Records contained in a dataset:
——————

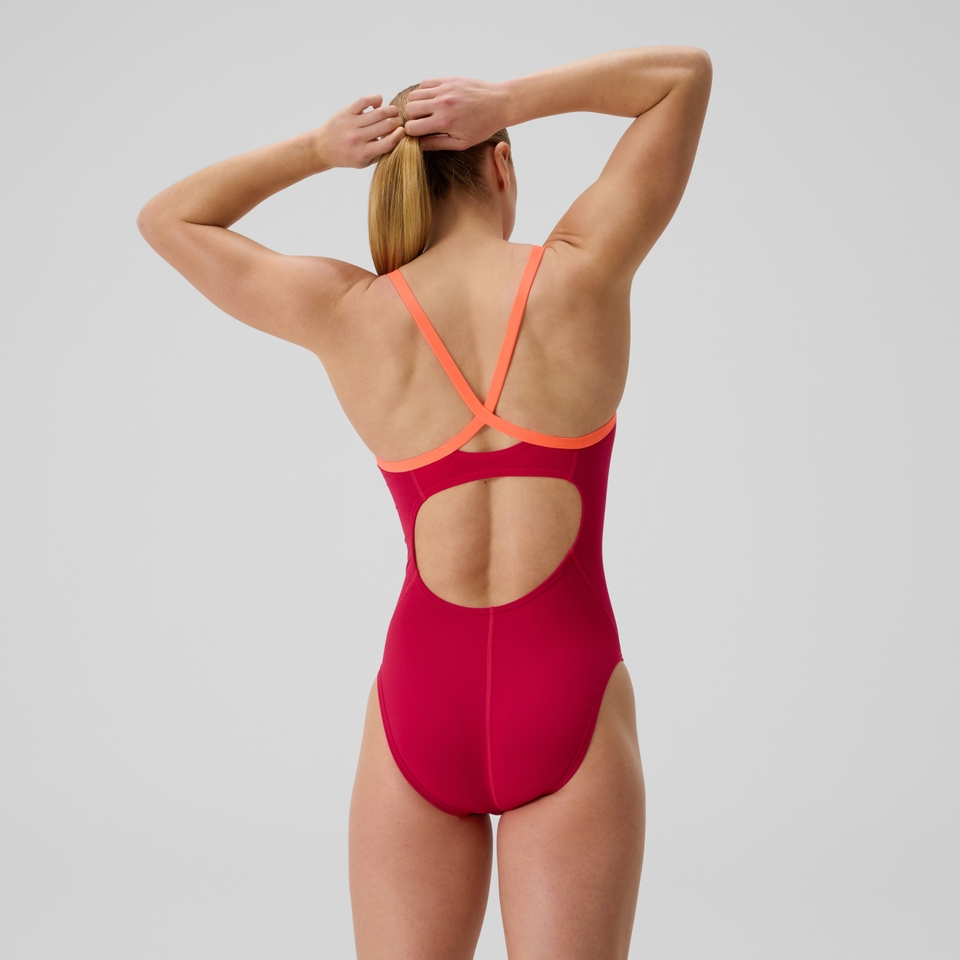 Monopièce d’entraînement rose/orange uni pour femmes Flyback 2.0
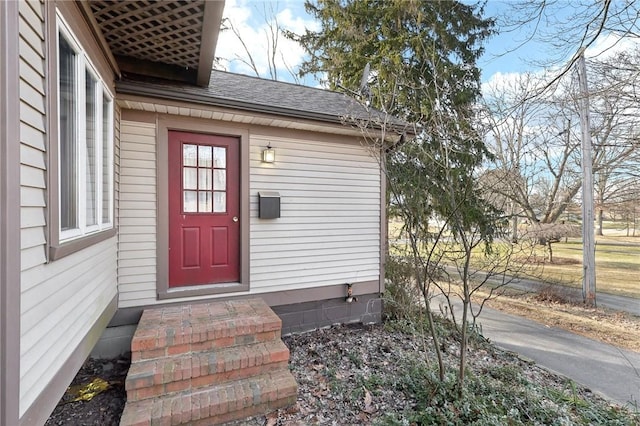 entrance to property featuring a shingled roof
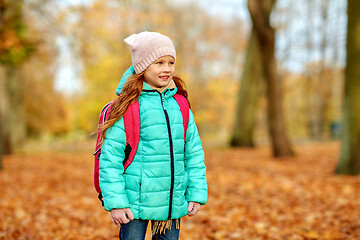 Image showing happy student girl with schoolbag at autumn park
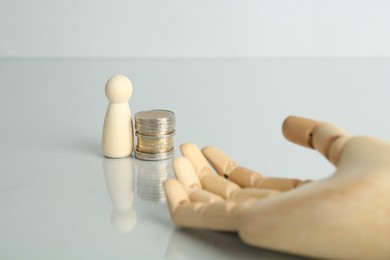 Photo of Financial inequality. Human figure, coins and wooden hand on light table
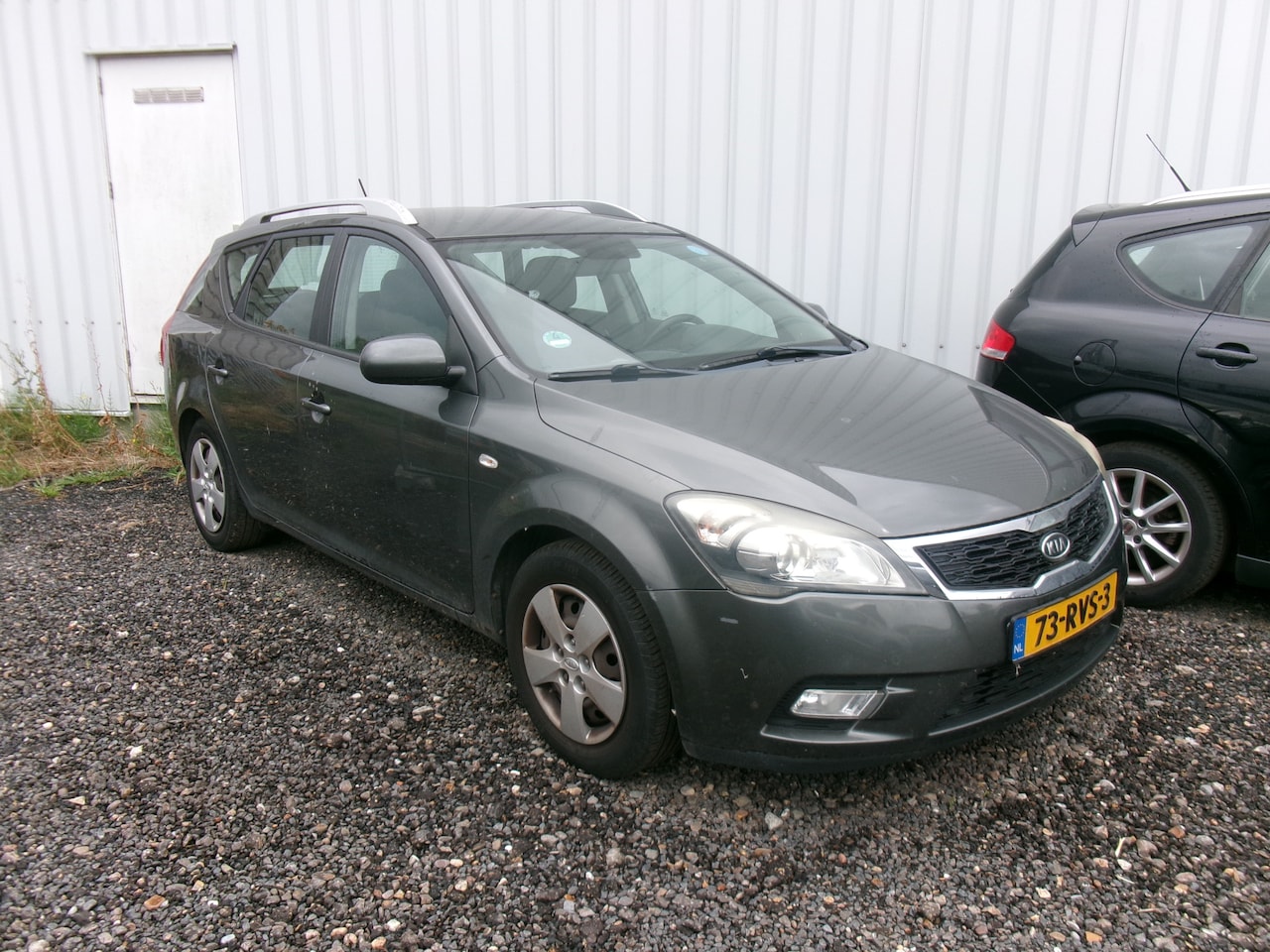 Kia Cee'd Sporty Wagon - 1.4 CVVT Comfort Pack 1.4 CVVT Comfort Pack - AutoWereld.nl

——————

WHAT THE TASK ASKS: Give back the entries verbatim. Do not include any picture.

RESULT OF THIS TASK:
 Monopièce d’entraînement rose/orange uni pour femmes Flyback 2.0
 entrance to property featuring a shingled roof
 Image showing happy student girl with schoolbag at autumn park
 Photo of Financial inequality. Human figure, coins and wooden hand on light table
 Kia Cee'd Sporty Wagon - 1.4 CVVT Comfort Pack 1.4 CVVT Comfort Pack - AutoWereld.nl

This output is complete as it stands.